**** Records for the task ****
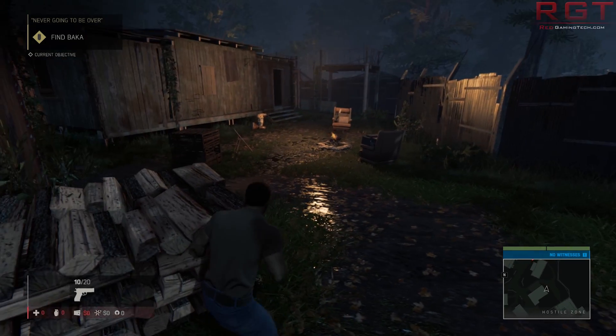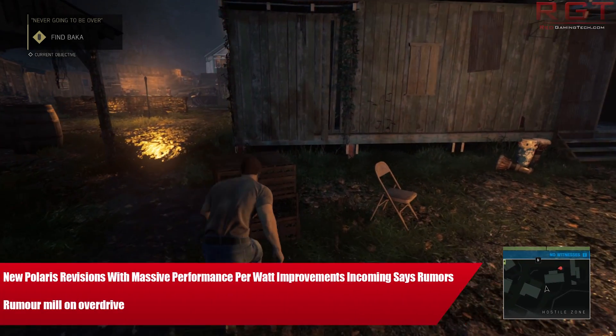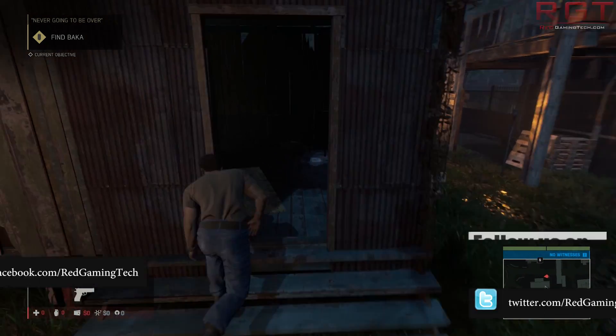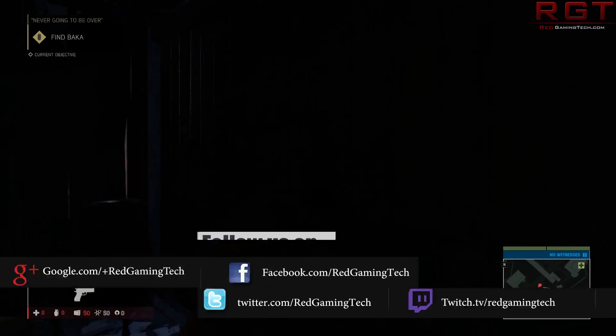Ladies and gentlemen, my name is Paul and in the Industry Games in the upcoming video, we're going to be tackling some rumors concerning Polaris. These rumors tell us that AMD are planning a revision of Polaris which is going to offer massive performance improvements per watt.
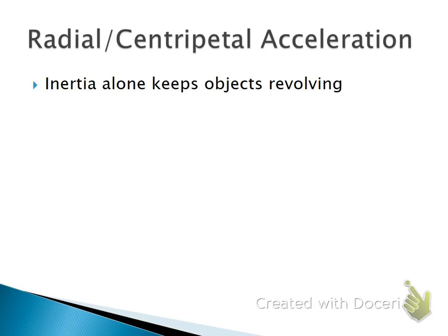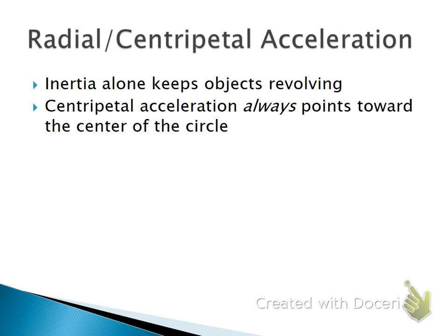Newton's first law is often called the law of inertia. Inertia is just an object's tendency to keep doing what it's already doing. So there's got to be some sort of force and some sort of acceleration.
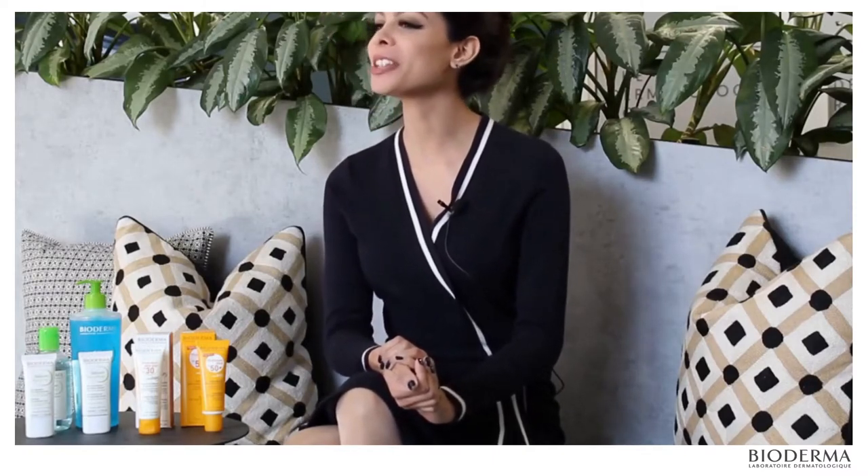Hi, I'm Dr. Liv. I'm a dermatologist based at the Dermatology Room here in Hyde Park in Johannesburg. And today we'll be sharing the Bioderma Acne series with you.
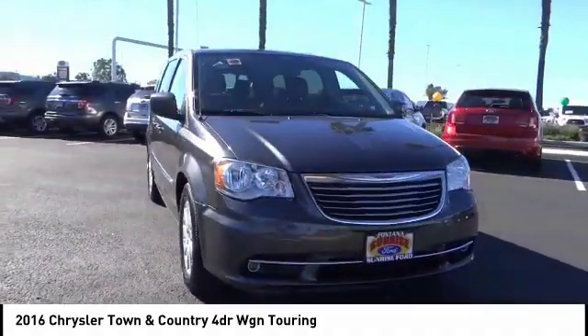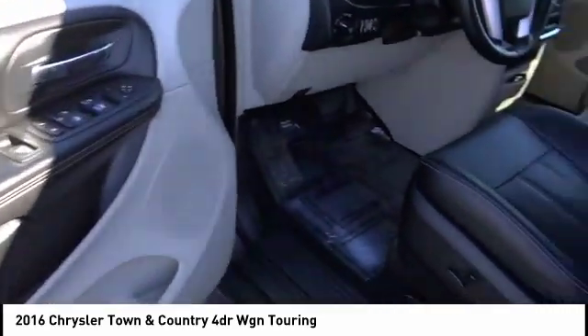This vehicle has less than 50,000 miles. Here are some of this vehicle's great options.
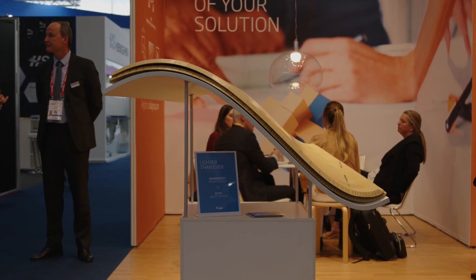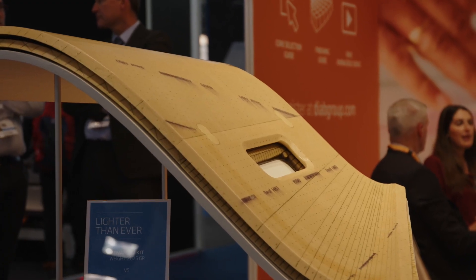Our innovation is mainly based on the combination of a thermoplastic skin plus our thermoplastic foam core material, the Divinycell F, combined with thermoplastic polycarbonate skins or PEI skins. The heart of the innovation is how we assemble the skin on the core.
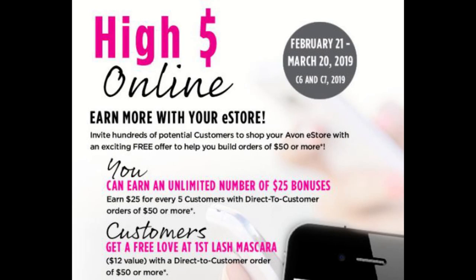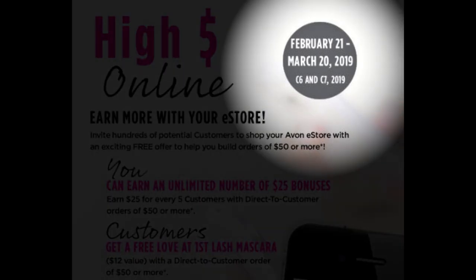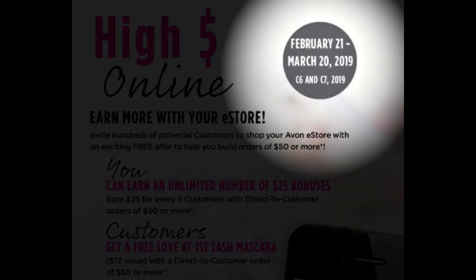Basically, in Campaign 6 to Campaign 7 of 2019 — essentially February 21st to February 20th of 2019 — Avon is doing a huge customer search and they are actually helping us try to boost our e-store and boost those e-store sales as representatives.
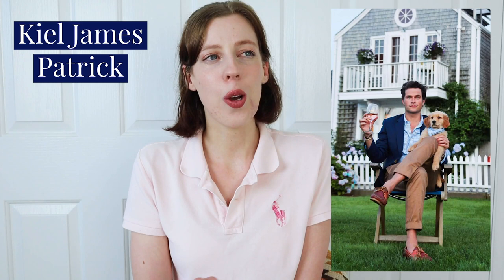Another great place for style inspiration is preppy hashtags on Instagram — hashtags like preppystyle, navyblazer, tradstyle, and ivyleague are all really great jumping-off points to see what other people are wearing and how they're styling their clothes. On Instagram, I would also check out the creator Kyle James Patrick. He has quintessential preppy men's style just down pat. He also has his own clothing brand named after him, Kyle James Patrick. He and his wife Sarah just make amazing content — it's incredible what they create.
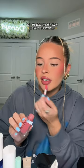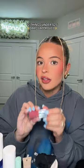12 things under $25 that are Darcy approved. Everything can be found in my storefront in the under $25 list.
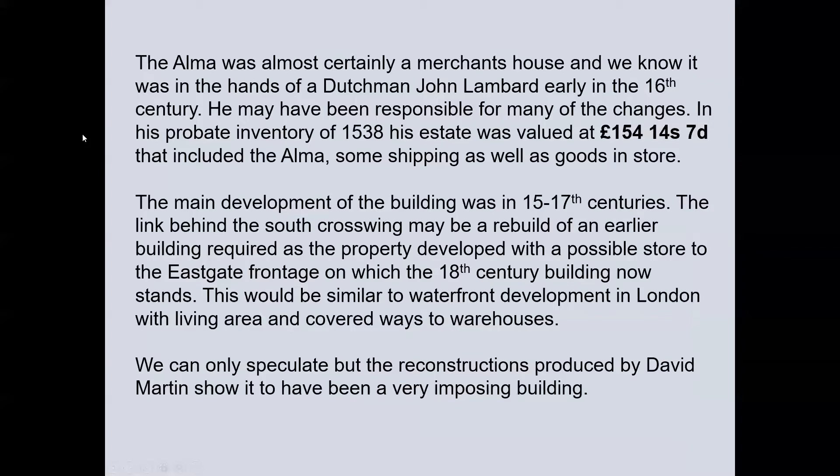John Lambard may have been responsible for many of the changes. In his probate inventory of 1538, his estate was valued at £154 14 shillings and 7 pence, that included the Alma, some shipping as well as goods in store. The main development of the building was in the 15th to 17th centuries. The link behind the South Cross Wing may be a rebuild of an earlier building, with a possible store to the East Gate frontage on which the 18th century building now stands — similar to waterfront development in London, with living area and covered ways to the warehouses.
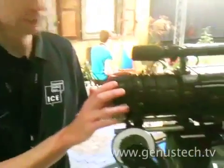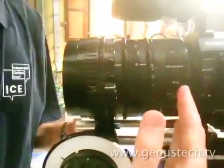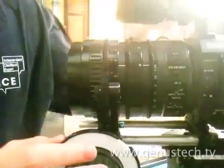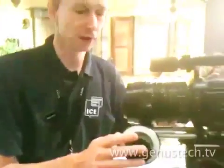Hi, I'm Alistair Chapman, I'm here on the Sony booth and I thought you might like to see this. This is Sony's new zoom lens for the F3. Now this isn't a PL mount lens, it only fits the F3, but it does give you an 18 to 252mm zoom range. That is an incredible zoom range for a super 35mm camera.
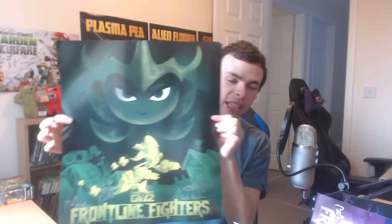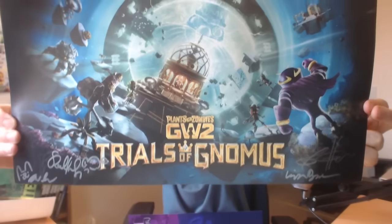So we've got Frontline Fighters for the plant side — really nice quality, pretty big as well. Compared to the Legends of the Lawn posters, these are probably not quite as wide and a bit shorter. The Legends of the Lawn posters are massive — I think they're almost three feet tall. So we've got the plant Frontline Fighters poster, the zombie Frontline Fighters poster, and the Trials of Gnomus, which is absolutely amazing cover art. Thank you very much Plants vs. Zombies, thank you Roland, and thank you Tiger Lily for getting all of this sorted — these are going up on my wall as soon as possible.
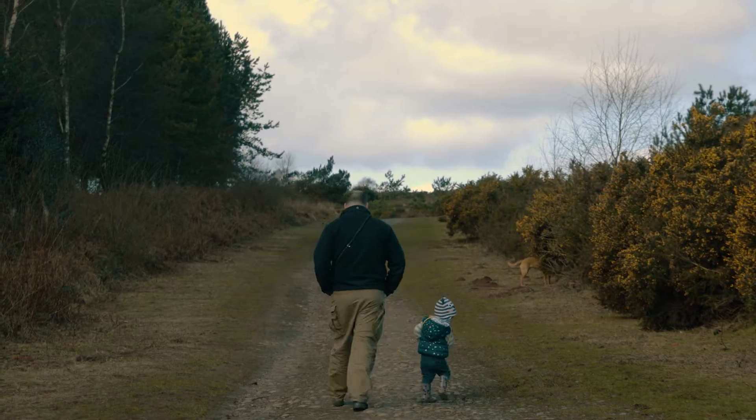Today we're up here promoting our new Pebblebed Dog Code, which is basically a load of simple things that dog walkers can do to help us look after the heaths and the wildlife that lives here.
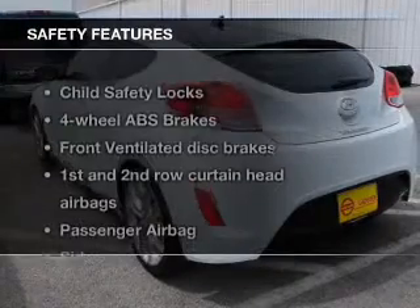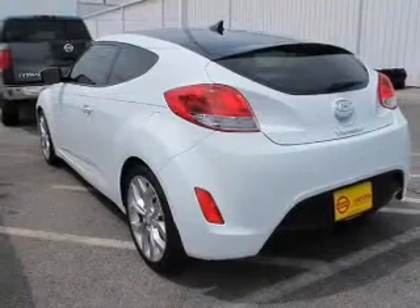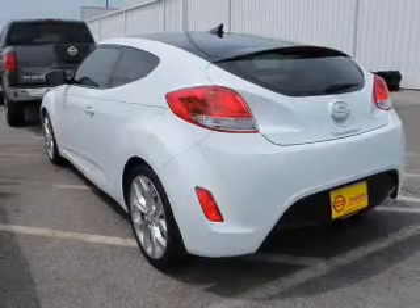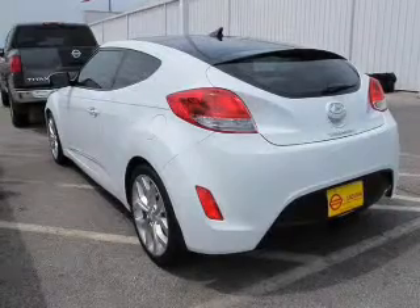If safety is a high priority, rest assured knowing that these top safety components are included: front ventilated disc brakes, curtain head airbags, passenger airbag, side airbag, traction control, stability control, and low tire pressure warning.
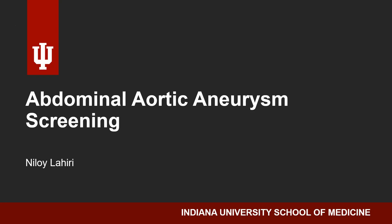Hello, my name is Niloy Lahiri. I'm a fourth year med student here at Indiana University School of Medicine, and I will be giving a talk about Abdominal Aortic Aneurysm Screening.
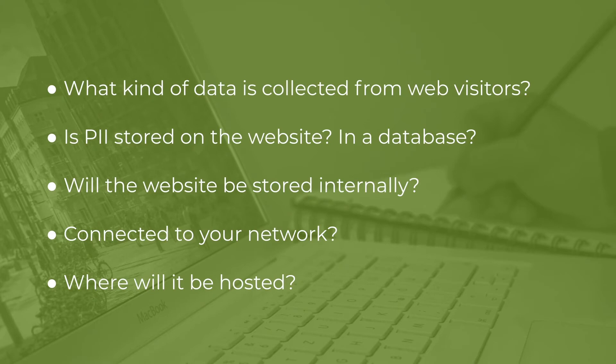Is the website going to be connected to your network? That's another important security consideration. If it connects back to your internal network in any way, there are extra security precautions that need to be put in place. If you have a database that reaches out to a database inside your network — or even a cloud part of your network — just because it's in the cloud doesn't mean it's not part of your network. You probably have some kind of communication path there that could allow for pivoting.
****
Task instructions =
Using the entries above, reproduce word for word only the lines from the one that contains "This vehicle has" to the one that contains "Our innovation is", both ends included, and drop every picture.

Response =
This vehicle has less than 50,000 miles. Here are some of this vehicle's great options.
Our innovation is mainly based on the combination of a thermoplastic skin plus our thermoplastic foam core material, the Divinycell F, combined with thermoplastic polycarbonate skins or PEI skins. The heart of the innovation is how we assemble the skin on the core.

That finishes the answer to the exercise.